Amended and Restated
Debt Obligations
In connection with the execution
of the Amendment Agreement, we executed the Third Amended and Restated Senior Secured Convertible Debenture (the “Amended
and Restated Debenture”), in order to, among other things, amend the Debenture to (i) provide that the Company may prepay
the Amended and Restated Debenture upon prior notice at a 10% premium, (ii) modify the conversion price at which the Amended and
Restated Debenture converts into Common Stock from a fixed price of $0.80 to the lowest of (a) $0.2043 per share, (b) 80% of the
average VWAPs (as defined in the Amended and Restated Debenture) for each of the five consecutive trading days immediately prior
to the applicable conversion, and (c) 85% of the VWAP (as defined in the Amended and Restated Debenture) for the trading day immediately
preceding the applicable conversion (the “Conversion Price”), and (iii) eliminate three additional 7.5% payments due
to the Holder in 2017, 2018, and 2019, as per the Debenture. Further, in connection with the execution of the Amendment Agreement,
we executed the Amended and Restated Senior Secured Note (the “Amended and Restated 2.7 Note”), in order to, among
other things, amend the 2.7 Note to provide that the Holder may convert its interest in the Amended and Restated 2.7 Note into
shares of Common Stock at the applicable Conversion Price at any time and from time to time. Further, in connection with the execution
of the Amendment Agreement, we and VaultLogix executed the Second Amended and Restated Senior Secured Convertible Note (the “Amended
and Restated Convertible Note”), in order to, among other things, amend the Convertible Note to (i) increase the interest
rate payable thereon from 0.67% to 4.67%, (ii) provide that the Company may prepay the Amended and Restated Convertible Note upon
prior notice at a 10% premium, (iii) provide that the Holder Affiliate may convert its interest in the Amended and Restated Convertible
Note into shares of Common Stock at the applicable Conversion Price, and (iv) eliminate three additional 7.5% payments due to the
Holder Affiliate in 2017, 2018, and 2019, as per the Convertible Note.
The foregoing description
of the Amended and Restated Debenture, the Amended and Restated 2.7 Note, the Amended and Restated Convertible Note, and the Amendment
Agreement does not purport to be complete and is subject to, and qualified in its entirety by reference to, the full text of the
Amended and Restated Debenture, the Amended and Restated 2.7 Note, the Amended and Restated Convertible Note, and the Amendment
Agreement, copies of which are filed herewith as Exhibits 10.1, 10.2, and 10.3, and 10.4 respectively, and are incorporated by
reference herein.
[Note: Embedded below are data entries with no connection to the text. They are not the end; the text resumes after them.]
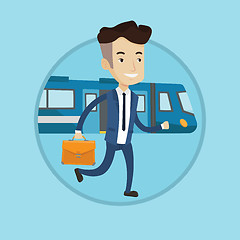 Image showing Businessman at train station vector illustration.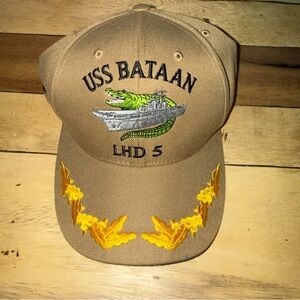 USS Bataan LHD 5 Embroidered Tan Baseball Cap Hat Alligator Ship Logo
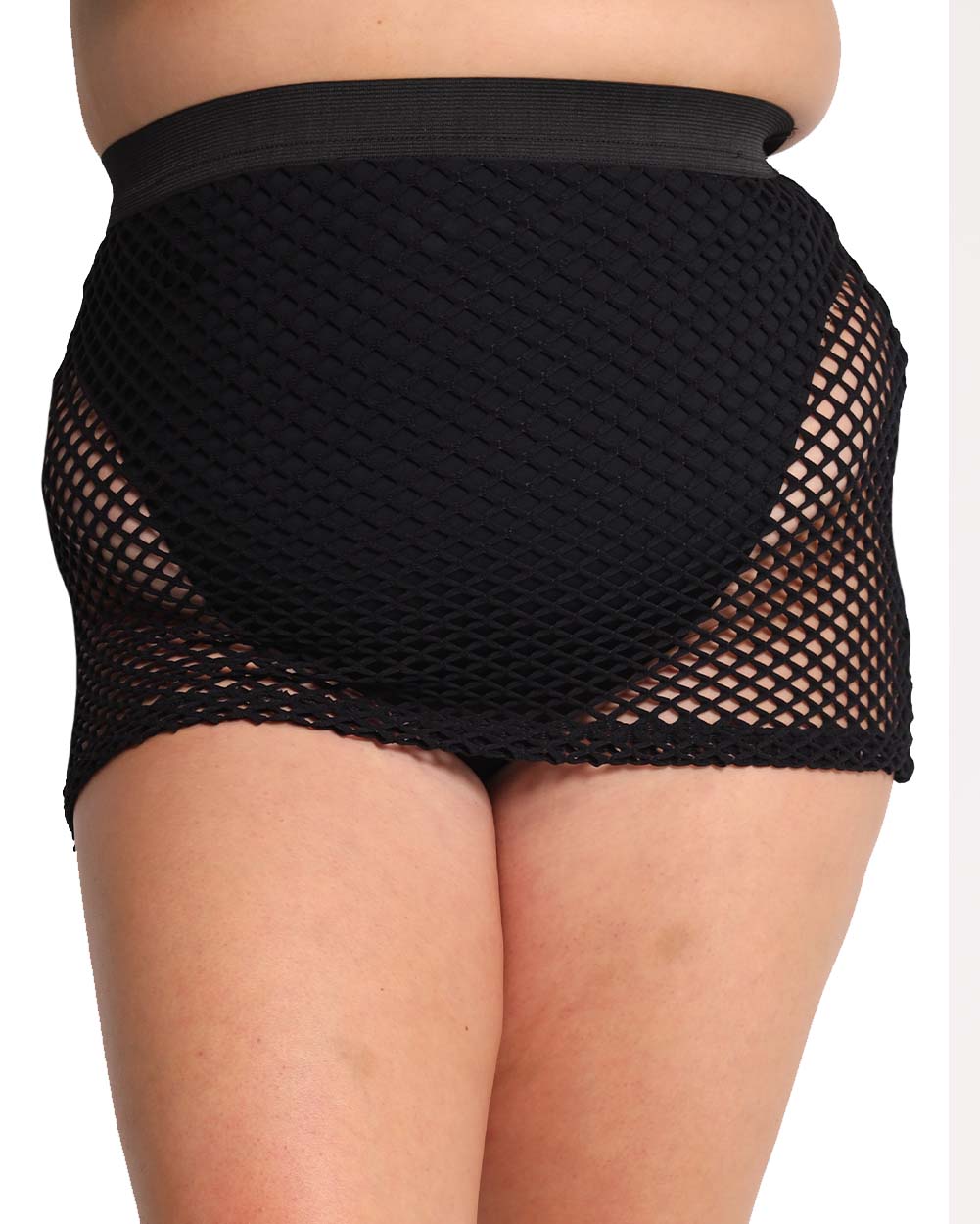 Fishnet Mini Skirt-Black-Curve1-Front--Jasmiin---1X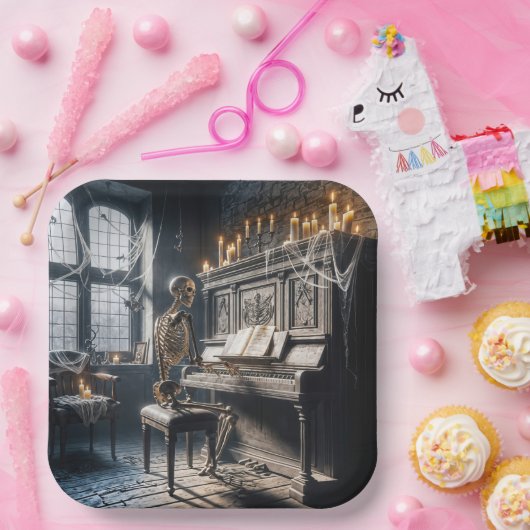 Halloween Skeleton Pianist Papieren Bordje (Feest)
The provisions of the Amended and Restated Debenture, the Amended and Restated 2.7 Note, the Amended and Restated
Convertible Note, and the Amendment Agreement, including the representations and warranties contained therein, are not for the
benefit of any party other than the parties to such agreements and are not intended as documents for investors and the public to
obtain factual information about our current state of affairs. Rather, investors and the public should look to other disclosures
contained in our filings with the SEC.